Estamos em 1962. Os EUA se encontram no auge da guerra que luta pelos direitos civis. O filme traça paralelos entre o que acontece no reformatório com os eventos reais do lado de fora. A visão de Turner é um olhar sem esperança em relação ao futuro, à sua vida e à oportunidade de superar o que ali passa; enquanto que Elwood tem um olhar mais otimista, é contra a violência e tem em Martin Luther King uma âncora de fé e de esperança. As muitas cenas que dão foco ao chão ou aos pés dos personagens revelam a submissão violenta que os negros assumem diante de outros membros da sociedade: os brancos ou os que têm poder e nome diante de uma situação conflituosa. É chocante quando a avó de Elwood tenta ver o filho e se encontra com um jovem que não consegue conversar com ela sem olhar em seus olhos. A câmera foca seus lindos sapatos vermelhos. Talvez a única cor viva em todo o filme. 
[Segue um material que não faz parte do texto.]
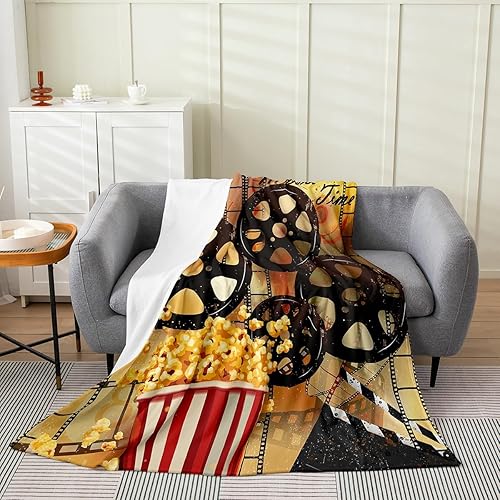 Manta de felpa de cine vintage, para niñas y niños, diseño de póster de cine, manta de franela de forro polar de palomitas de maíz para todas las
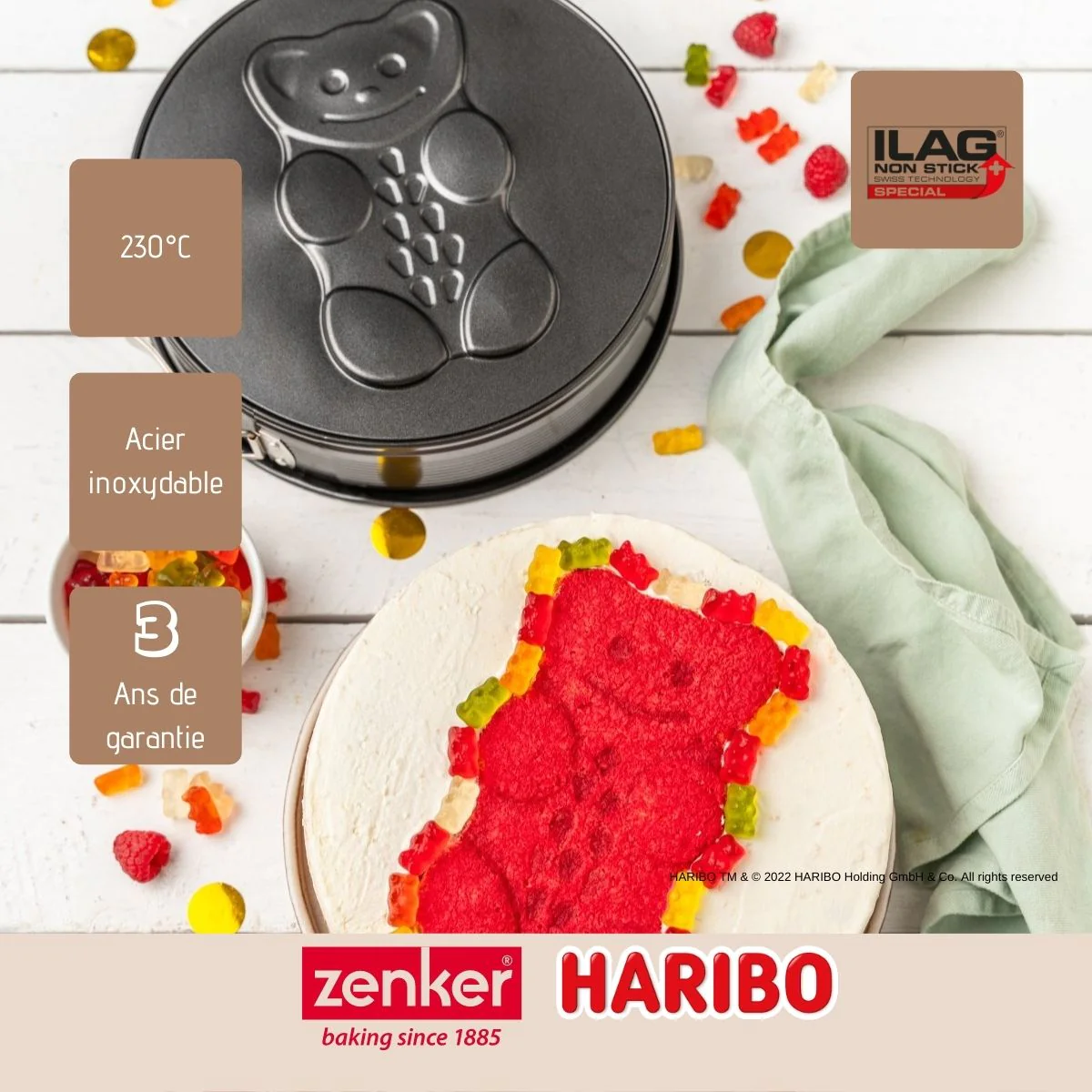 Moule à manqué à charnière 26 cm Haribo Zenker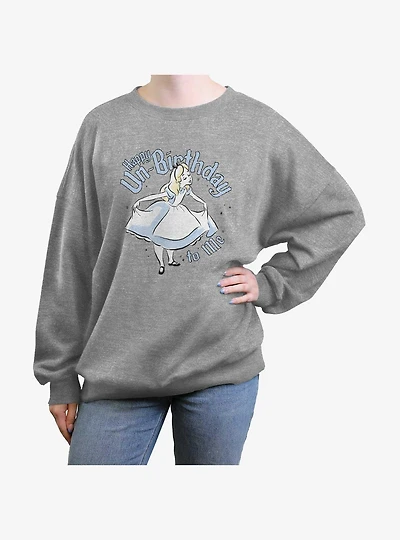 Disney Alice In Wonderland Happy Unbirthday To Me Girls Oversized Sweatshirt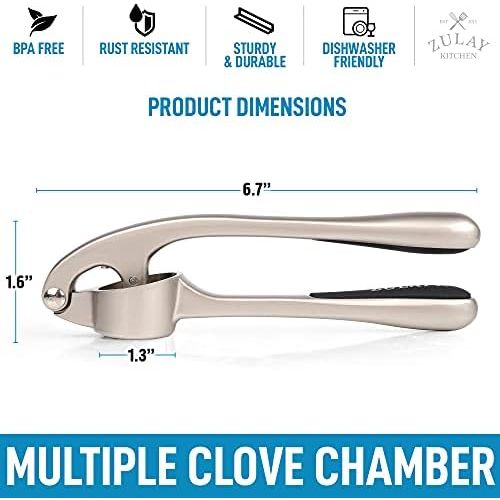  Zulay Kitchen Premium Garlic Press with Soft Easy-Squeeze Ergonomic Handle, Sturdy Design Extracts More Garlic Paste Per Clove, Garlic Crusher for Nuts & Seeds, Professional Garlic Mincer & Ging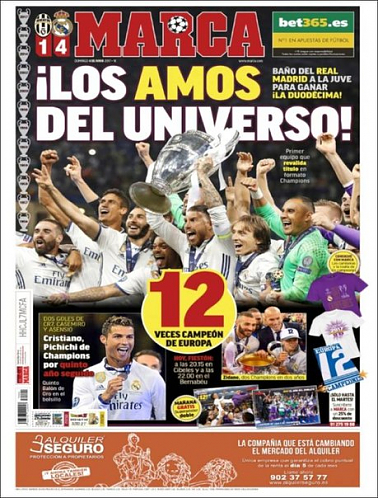 Обложки мировых изданий о 12-й победе Реал Мадрид в Лиге Чемпионов #RealMadrid #РеалМадрид #лигачемпионов #финал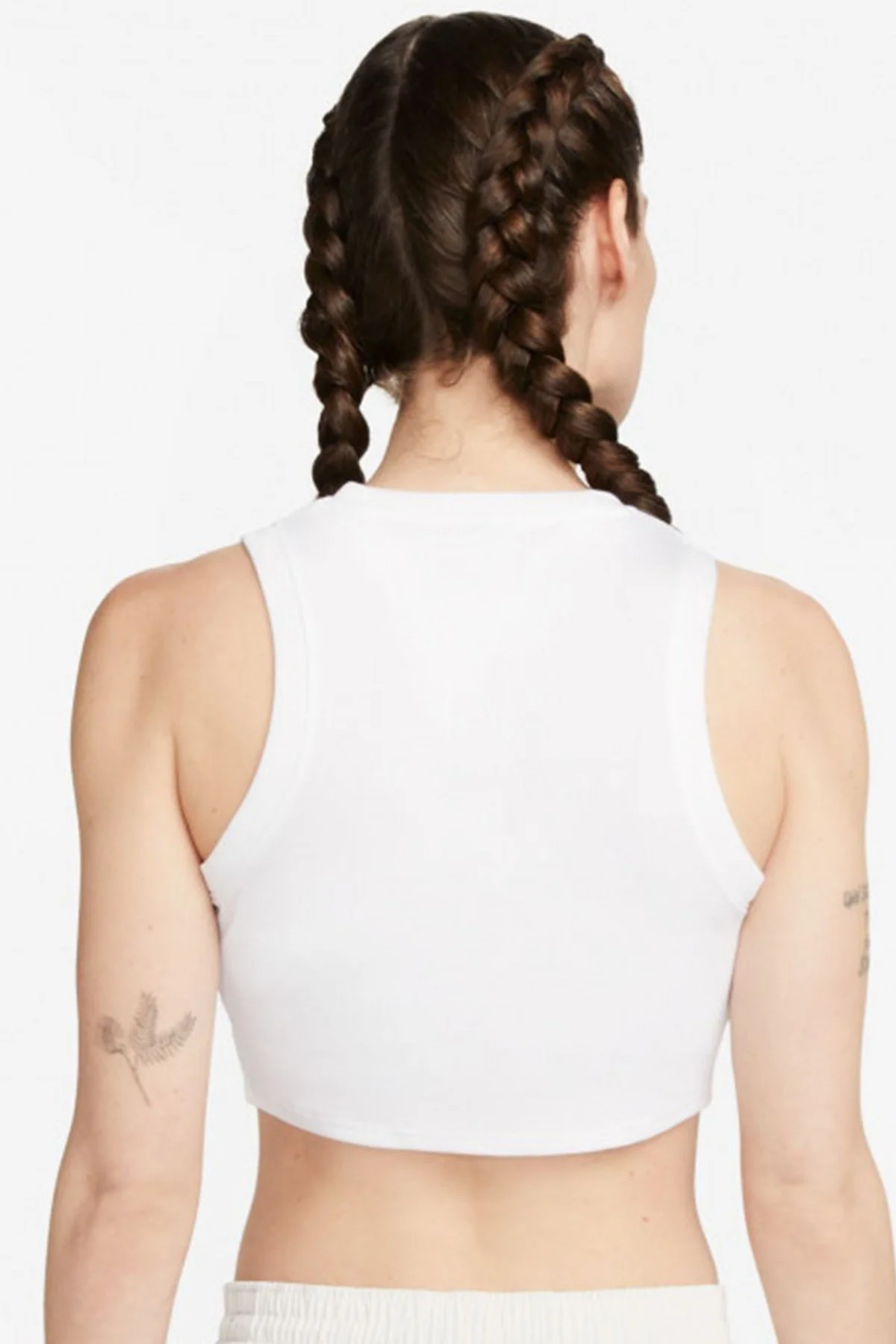 Nike Sportswear Essential Rib Cropped Women's Tight Fit Tank Top Kadın Dar Kesim Crop Atlet Beyaz Nike Sportswear Essential Rib Cropped Women's Tight Fit Tank Top Kadın Dar Kesim Crop Atlet Beyaz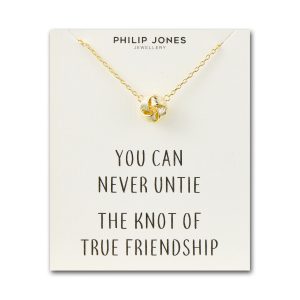 Gold Plated Love Knot Necklace with Quote Card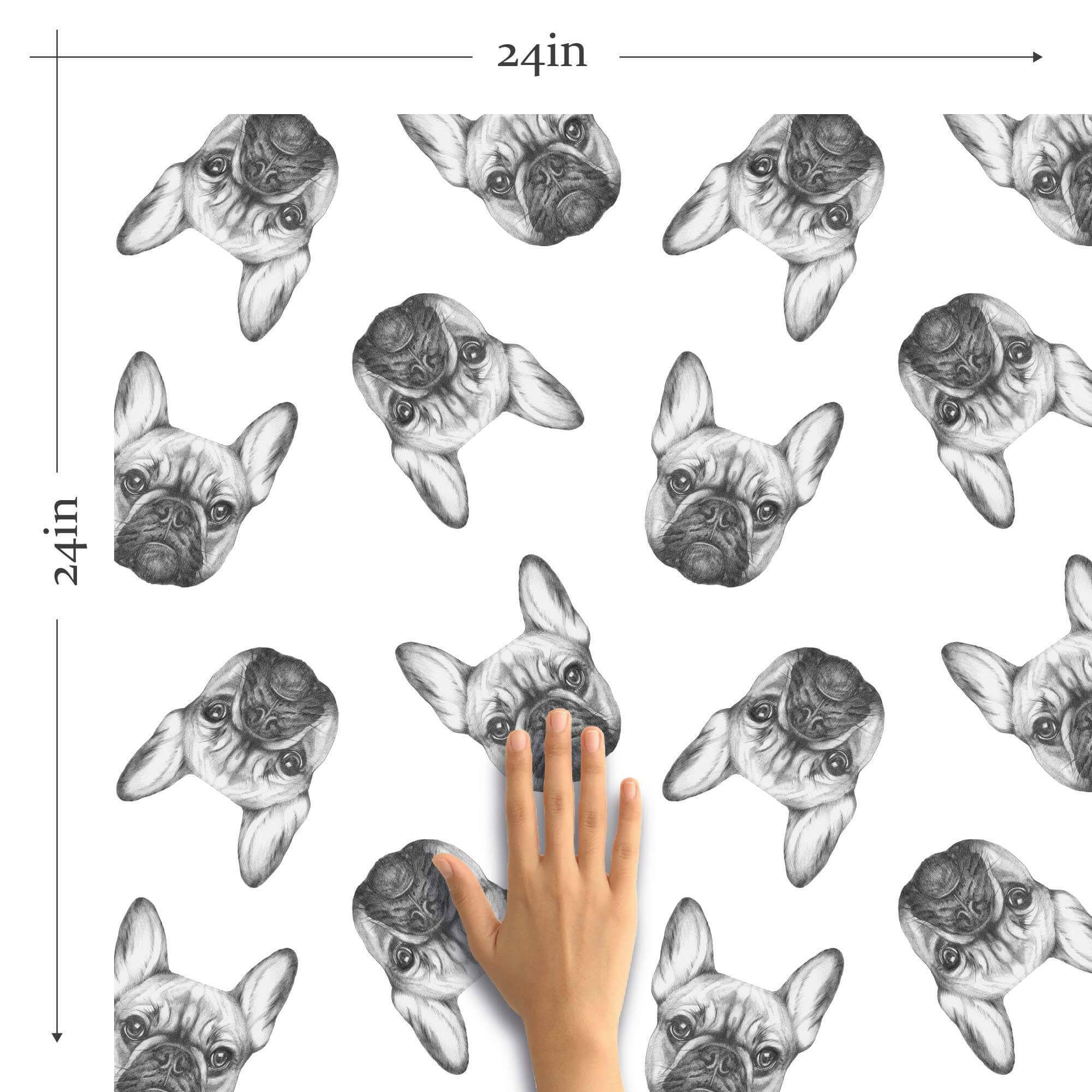 Black and White Dog Pattern Peel and Stick Removable Wallpaper - Self-Adhesive Pet Theme Decal for Nursery, Bedroom, or Office Decor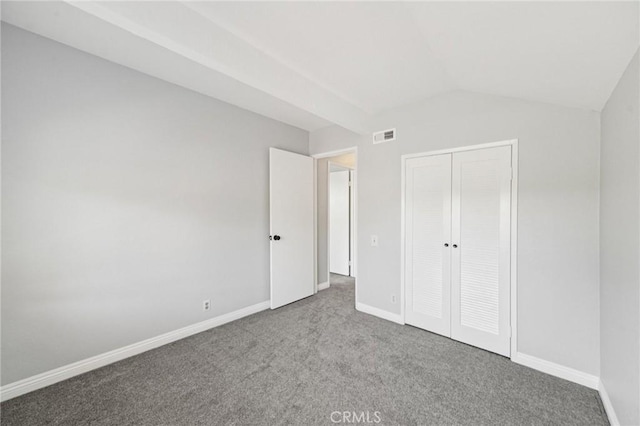 23441 Via Ronda, Mission Viejo, CA 92691 - unfurnished bedroom featuring carpet flooring, lofted ceiling, and a closet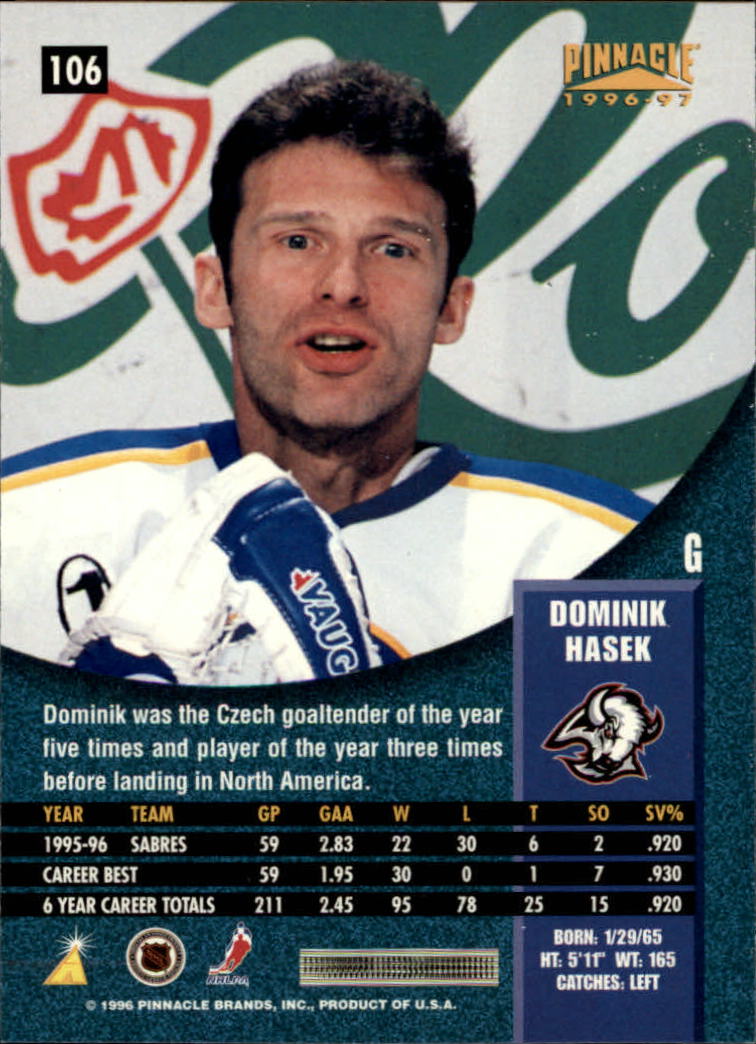 1996-97 Pinnacle #106 Dominik Hasek back image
Melhor Roteiro Adaptado e Melhor Filme

Nickel Boys concorre em duas Categorias no Oscar. Enquanto RaMell Ross está na corrida da Direção, ele, ao lado de Joslyn Barnes e do escritor Colson Whitehead, concorre na Categoria de Melhor Roteiro Adaptado. Baseado no romance de Whitehead, ganhador do Prêmio Pulitzer, Nickel Boys narra esta poderosa amizade entre dois jovens afro-americanos que passam juntos pelas angustiantes provações deste reformatório na Flórida. O quintal desta escola vira um cemitério de indigentes, muitos jovens não conseguem sobreviver às torturas que o reformatório subjuga aqueles que “ofendem” o sistema de leis e regras do lugar. 

O Oscar e nós, enquanto público de bilheteria, precisamos dar mais atenção à histórias necessárias e urgentes para a nossa sociedade atual. Nickel Boys não é de um passado tão longínquo: a década de 1960 ainda fala alto dentro de nós e a dor que ela causou na humanidade é a nossa dor. É o nosso sangue. São nossos próximos. Há um futuro de nosso protagonista que é apresentado entre cortes e recortes, indicando o futuro possível de nosso personagem. Vale a pena darmos uma chance a este filme e perceber que o Oscar tenta dar oportunidade a toda e qualquer tipo de narrativa, mas as campanhas de divulgação nem sempre são tão honestas e igualitárias assim. Enquanto isso, nós, o público, que tipo de filme escolhemos assistir quando entramos na fila da bilheteria?